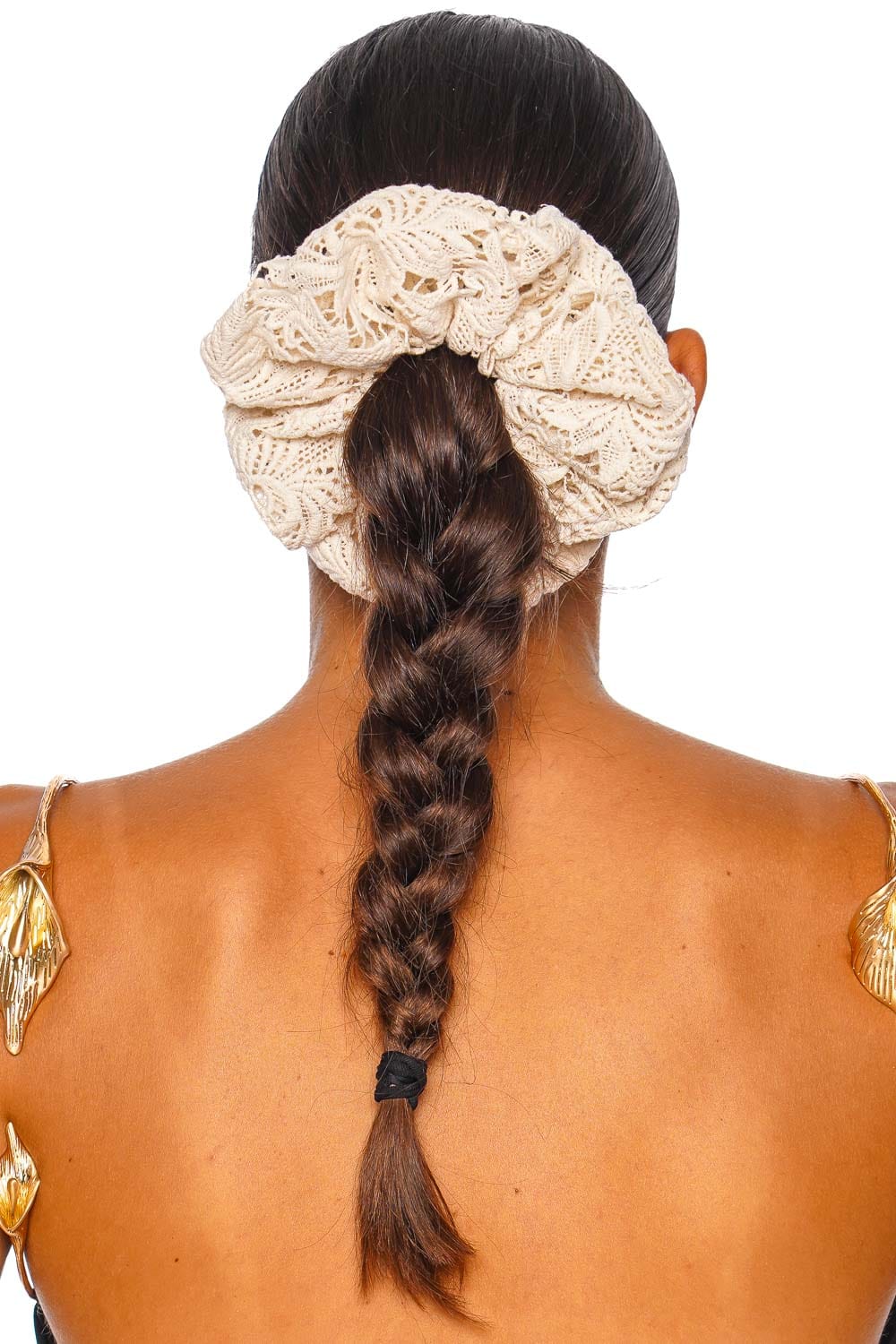 Lelet NY Esme Ecru Crochet Oversized Scrunchie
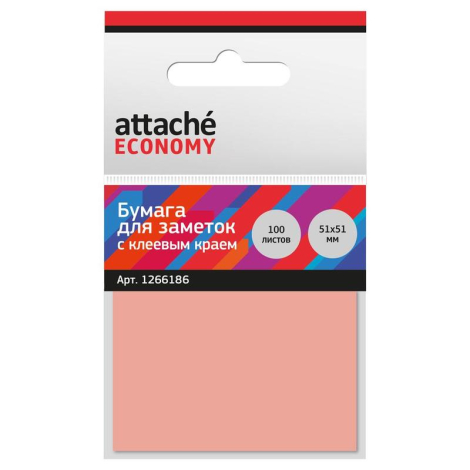 Стикеры Attache Economy 51x51 мм неоновый розовый (1 блок, 100 листов), 1266186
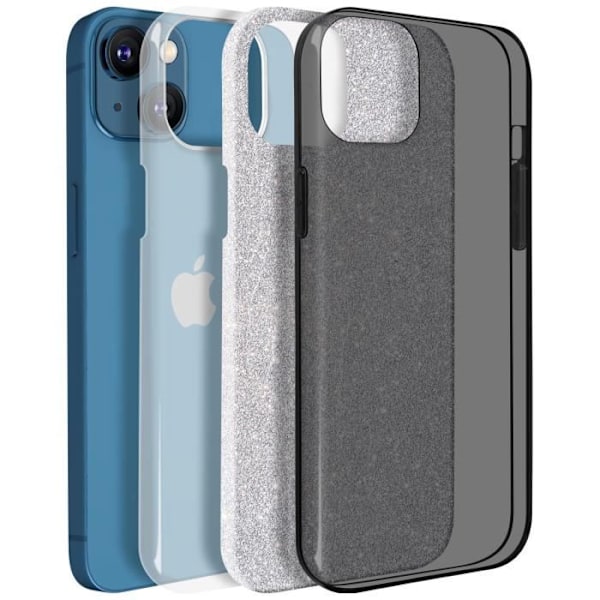 Suojakuori - AVIZAR - iPhone 13 Mini - Puoli-joustava silikoni - Irrotettavat glitterit - Musta Svart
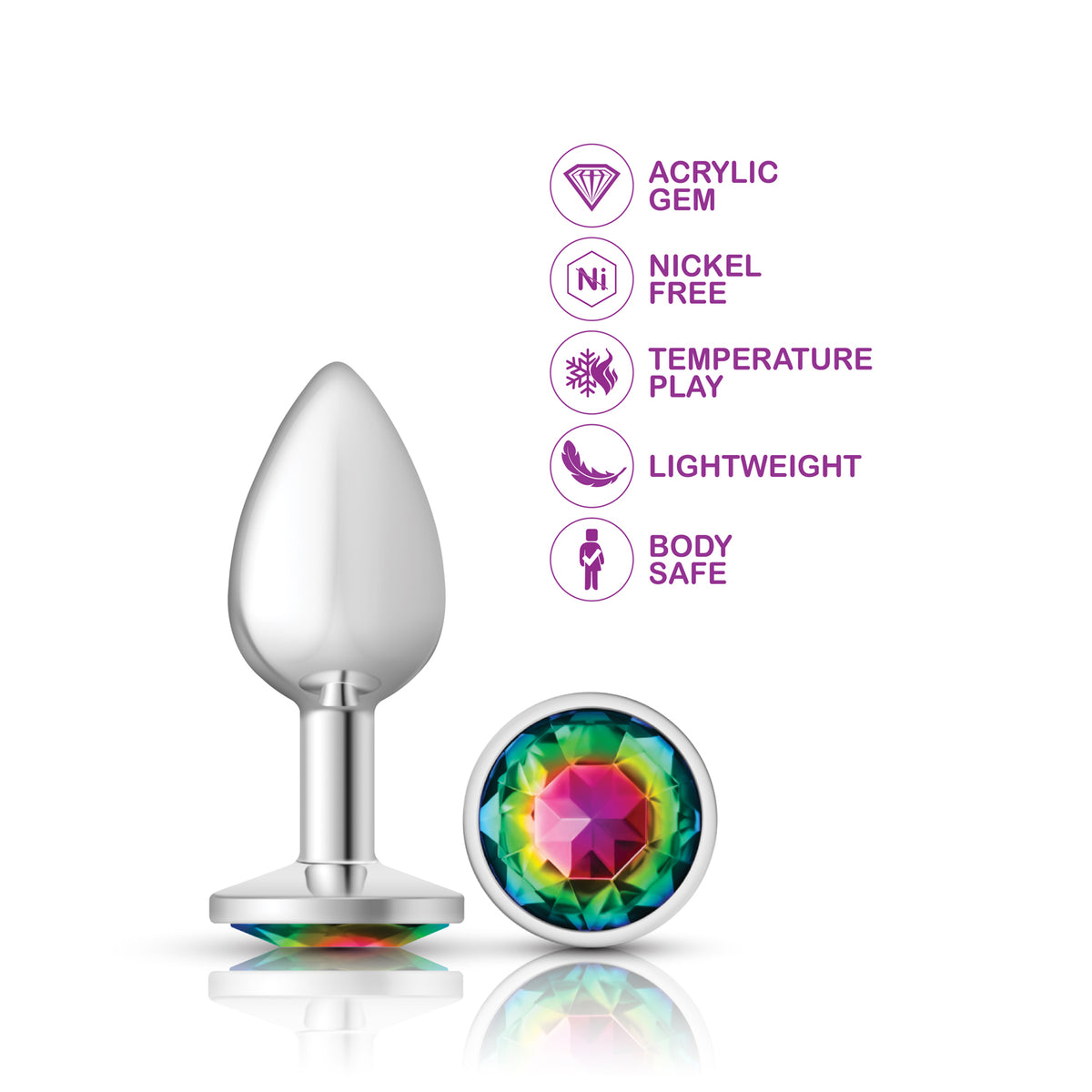 Cheeky Charms Silver Round Butt Plug with Rainbow Jewel Small (6.78cm) > Anal Range > Jewel Butt Plugs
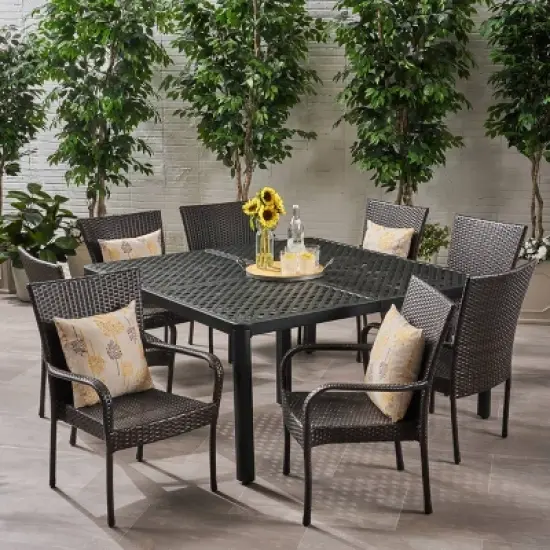 Bullpond 9pc Aluminum and Wicker Dining Set - Christopher Knight Home image {6}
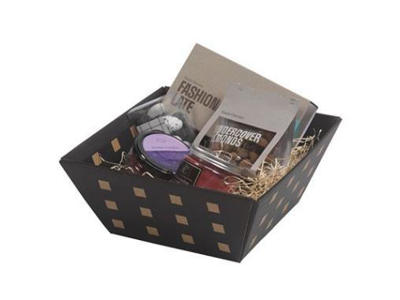 Gavekurv 25,5x25,5x11,5 cm sort m/brun tern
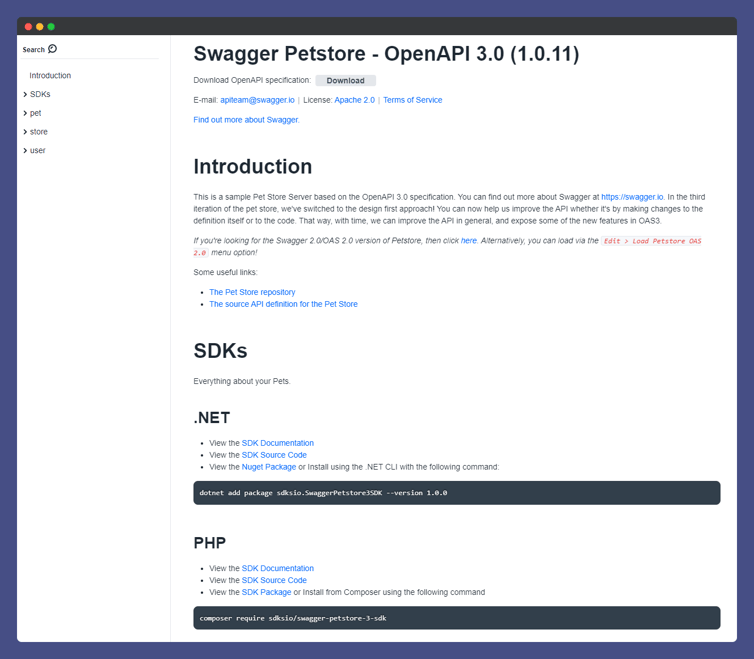 APIMatic SDKs integrated inside Redoc API docs for Swagger Petstore API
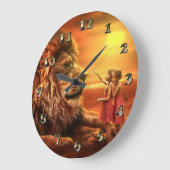 Lion en Little Girls Grote Klok (Hoek)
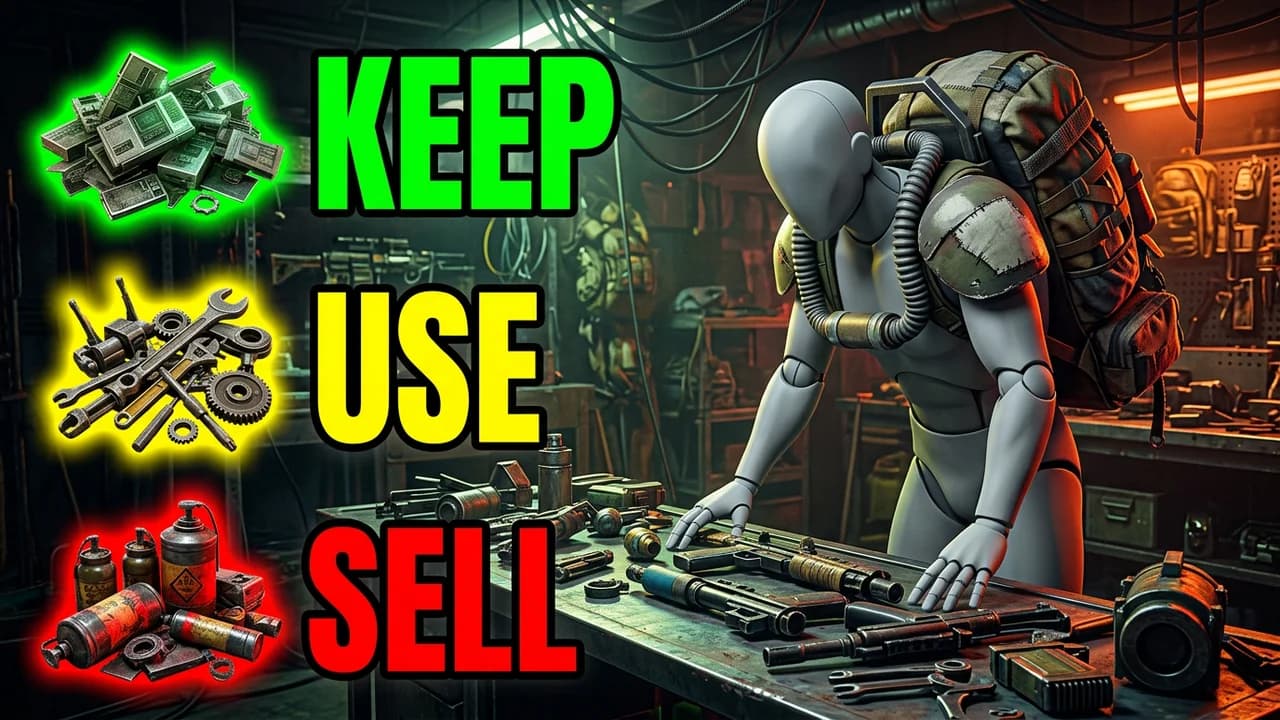 ARC Raiders loot guide thumbnail template, a raider leaning over a workbench of parts in a dim workshop, cash, tools and canisters stacked beside KEEP, USE and SELL text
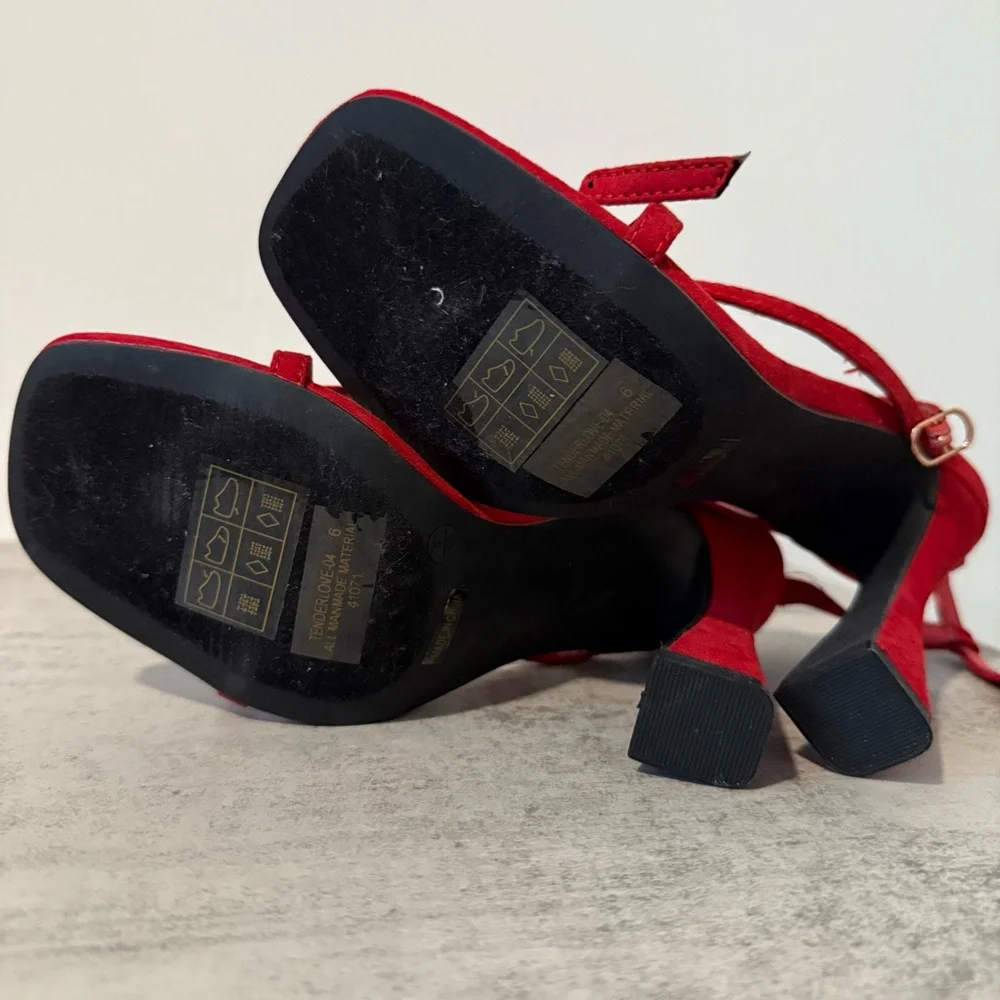 Red Anna Morellini strappy sandals Size 6 - Picture 5 of 6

**Problem description**
What is needed is a word-for-word copy of the lines from the one containing "APIMatic SDKs integrated" through the final line of the records above, both included, with the pictures left out.

**Final answer**
 APIMatic SDKs integrated inside Redoc API docs for Swagger Petstore API
 Lion en Little Girls Grote Klok (Hoek)
 ARC Raiders loot guide thumbnail template, a raider leaning over a workbench of parts in a dim workshop, cash, tools and canisters stacked beside KEEP, USE and SELL text
 Red Anna Morellini strappy sandals Size 6 - Picture 5 of 6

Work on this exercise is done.